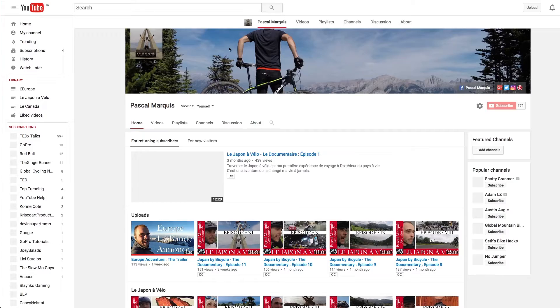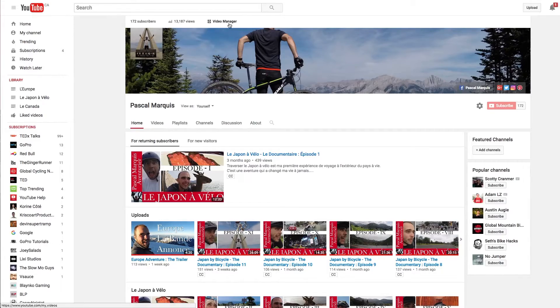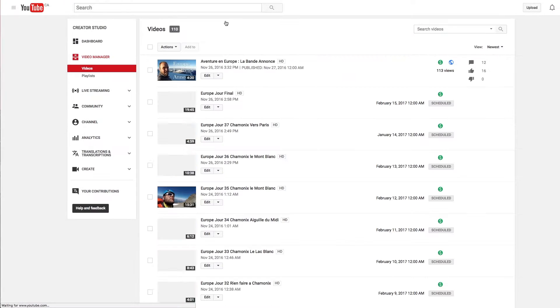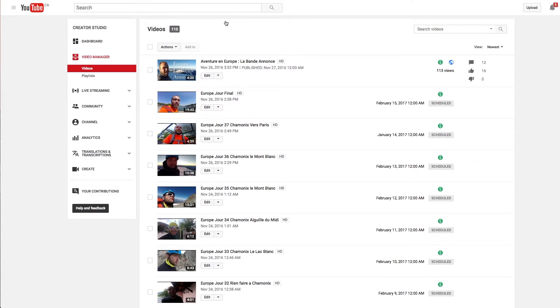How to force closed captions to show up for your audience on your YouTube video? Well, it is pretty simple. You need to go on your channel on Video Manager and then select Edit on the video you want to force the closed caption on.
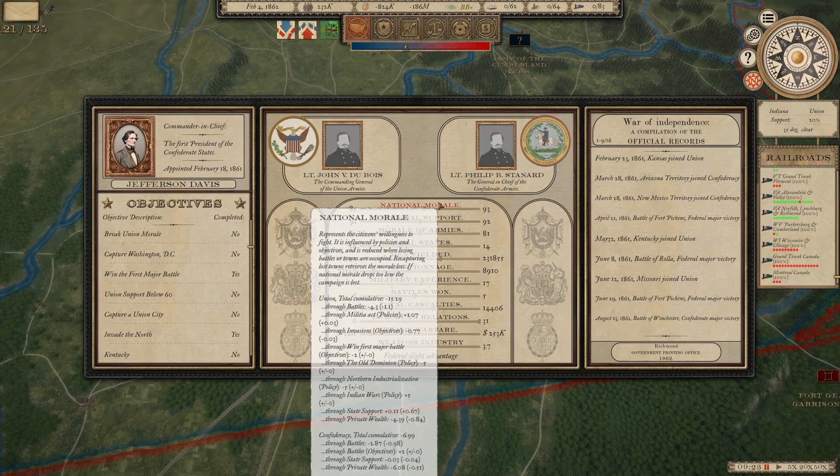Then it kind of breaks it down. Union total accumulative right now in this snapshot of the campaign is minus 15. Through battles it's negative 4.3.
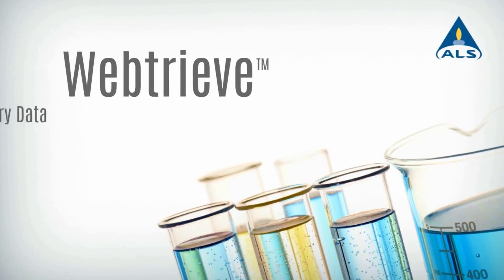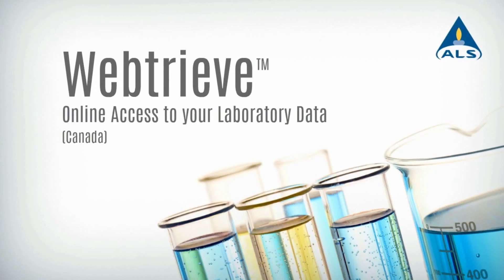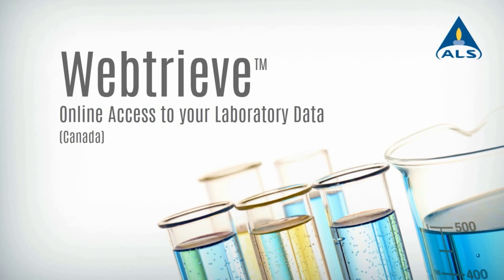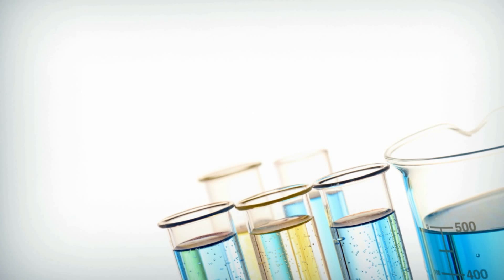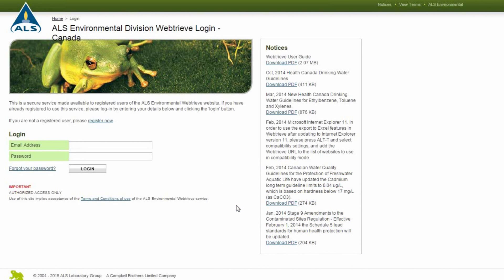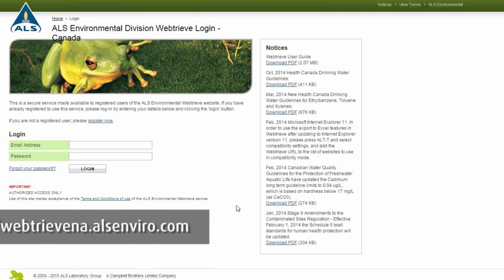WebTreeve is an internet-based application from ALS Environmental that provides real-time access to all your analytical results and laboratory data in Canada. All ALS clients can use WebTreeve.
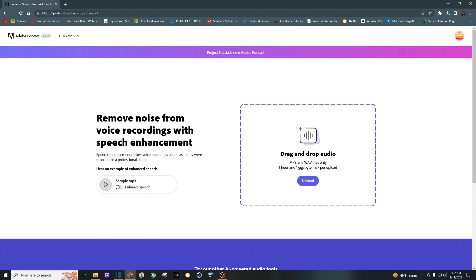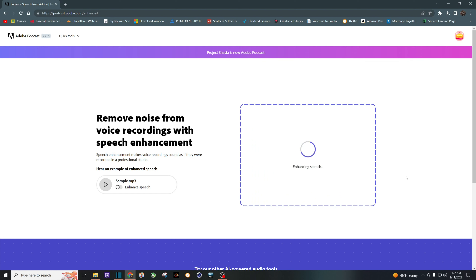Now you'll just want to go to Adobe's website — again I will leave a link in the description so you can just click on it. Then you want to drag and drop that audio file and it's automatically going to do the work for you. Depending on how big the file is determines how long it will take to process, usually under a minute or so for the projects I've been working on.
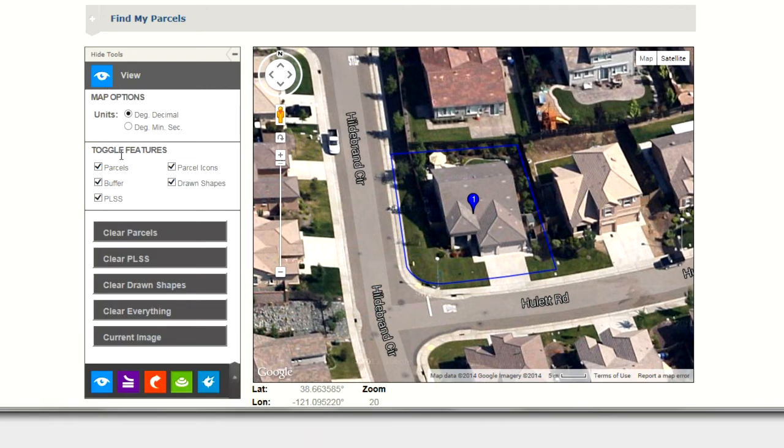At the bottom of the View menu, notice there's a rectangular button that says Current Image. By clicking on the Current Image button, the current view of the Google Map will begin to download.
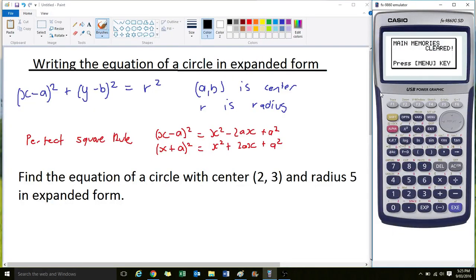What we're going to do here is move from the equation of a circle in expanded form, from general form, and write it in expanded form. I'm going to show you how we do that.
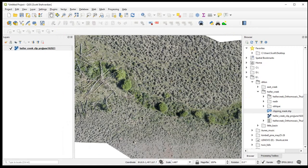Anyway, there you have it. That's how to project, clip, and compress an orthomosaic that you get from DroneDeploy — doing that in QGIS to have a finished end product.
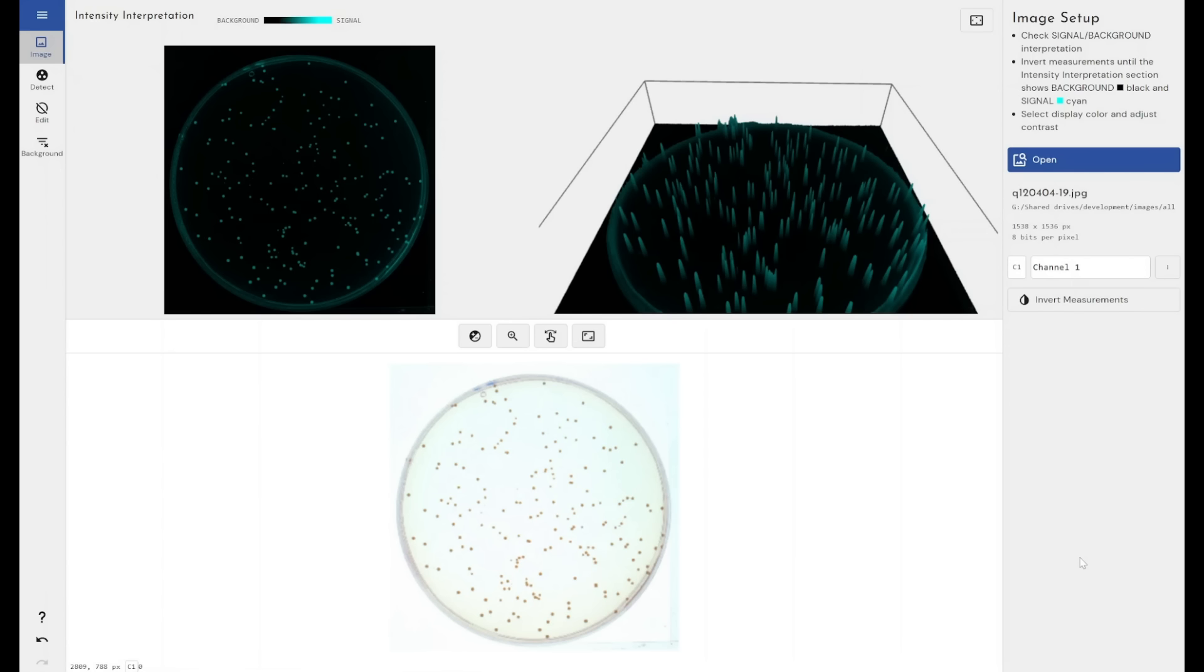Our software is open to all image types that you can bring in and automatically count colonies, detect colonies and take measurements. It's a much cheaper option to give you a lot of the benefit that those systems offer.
-------
→ **Exercise goal**
The pictures stay out; repeat exactly the lines from the one with "Then it kind" to the end of the entries above, and nothing else.

→ **Expected output**
Then it kind of breaks it down. Union total accumulative right now in this snapshot of the campaign is minus 15. Through battles it's negative 4.3.
WebTreeve is an internet-based application from ALS Environmental that provides real-time access to all your analytical results and laboratory data in Canada. All ALS clients can use WebTreeve.
Now you'll just want to go to Adobe's website — again I will leave a link in the description so you can just click on it. Then you want to drag and drop that audio file and it's automatically going to do the work for you. Depending on how big the file is determines how long it will take to process, usually under a minute or so for the projects I've been working on.
At the bottom of the View menu, notice there's a rectangular button that says Current Image. By clicking on the Current Image button, the current view of the Google Map will begin to download.
What we're going to do here is move from the equation of a circle in expanded form, from general form, and write it in expanded form. I'm going to show you how we do that.
Anyway, there you have it. That's how to project, clip, and compress an orthomosaic that you get from DroneDeploy — doing that in QGIS to have a finished end product.
Our software is open to all image types that you can bring in and automatically count colonies, detect colonies and take measurements. It's a much cheaper option to give you a lot of the benefit that those systems offer.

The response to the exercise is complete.